Fifty years since the revolution of Vatican II


Pope John XXIII and Vatican II made me a Catholic. I was received in the Church of St Patrick in London’s Soho Square in 1965, the Second Vatican Council’s last year, at the age of 28, writes John Wilkins in The Tablet.

My parents were disconcerted. "But Catholics drink," my mother correctly observed. She herself, coming from the Congregationalist tradition, never touched a drop all her life. "I am sure if I had brought

John up properly," she continued, "it would never have happened." My father, though from the same tradition, reassured her: "Well, it seems to make him happy."

The Catholic Church at the time attracted me as a magnet pulls an iron filing. I had been baptised an Anglican and converted by the Church of England. But I knew that it could never achieve anything like this council. I sometimes wonder if I would have made the same move into the Catholic communion today, and I doubt it. But I have never thought I made a mistake.

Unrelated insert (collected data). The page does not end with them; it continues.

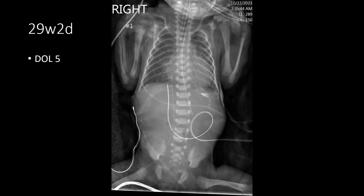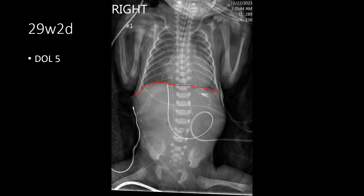Here we have another case — a very premature infant, 29 weeks, now on day of life five. They want to replace the umbilical venous catheter, which is appropriately positioned. As the infant matures and they want more long-term central venous access, they placed a catheter from the right lower extremity coursing up through the common iliac vein, IVC, and into the atrium. The terminus of the catheter is a little high in the right atrium; ideally you want that PICC right at the inferior cavoatrial junction.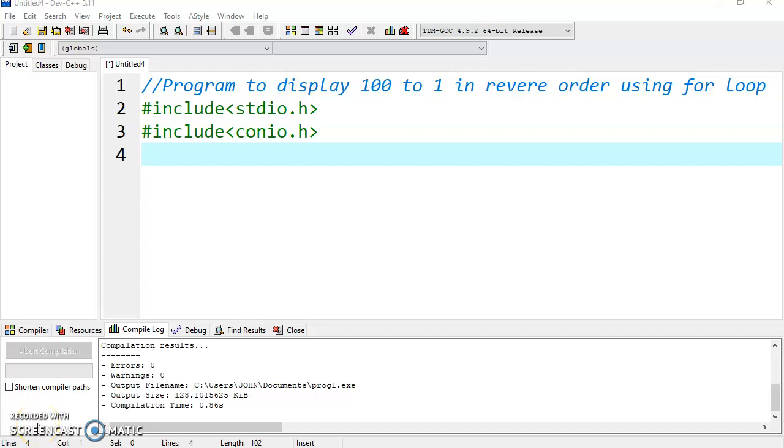Good morning. Today we are going to discuss how to display 100 to 1, that is in reverse order, using for loop.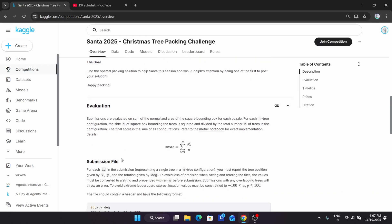The evaluation criteria uses coding languages and logic. You have to prepare your submission and need prior knowledge of Python. If you don't have it, check out the tutorials or read the documentation. Submissions are evaluated on the sum of the normalized area of the square bounding box of each puzzle. For each entry configuration, the side S of the square box bounding the trees is squared and divided by the total number N. You can see the formula is mentioned over here.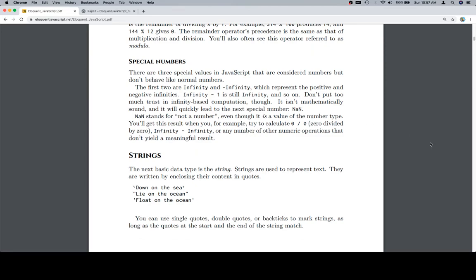Special numbers. There are three special numbers in JavaScript that are considered numbers but don't behave like normal numbers. The first two are Infinity and negative Infinity, which represent the positive and negative infinites. Infinity minus 1 is still Infinity. Don't put too much trust in infinity-based calculations though — it isn't mathematically sound, and it will quickly lead to the next special number: NaN. NaN stands for 'not a number,' even though it is a value of the number type. You'll get this result when you try to calculate 0 divided by 0, Infinity minus Infinity, or any number of other numeric operations that don't yield a meaningful result.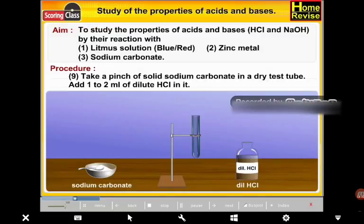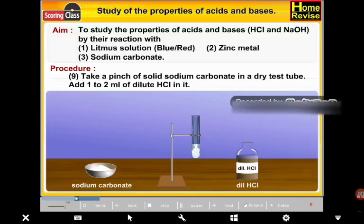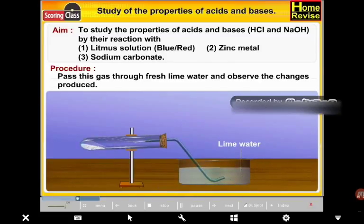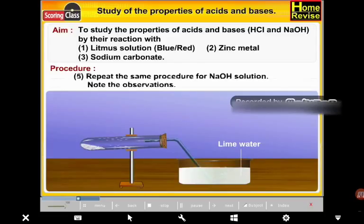Take a pinch of solid sodium carbonate in a dry test tube. Add 1 to 2 ml of dilute HCl to it. A vigorous reaction starts. Note the color of the gas evolved. Pass this gas through fresh lime water and observe the changes produced. Repeat the same procedure for NaOH solution.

Pope Benedict XVI has been concerned to stress that the council came out of the heart of the Church. As he has put it with a typically acute touch, the Church has always been the Church and the Gospel was always to be found in it. So he stresses the continuity of before and after. But I remember the council as revolutionary, because it went to the roots of the faith with radical results.

It adopted a more humble and pastoral style, based on dialogue, in keeping with Pope John’s lead. It presented the Church as a pilgrim with all humanity, specially concerned for the poor and afflicted. Anti-Semitism was repudiated. Religious freedom and the preeminence of the informed conscience were asserted, superseding the non-infallible teaching of a line of nineteenth-century popes.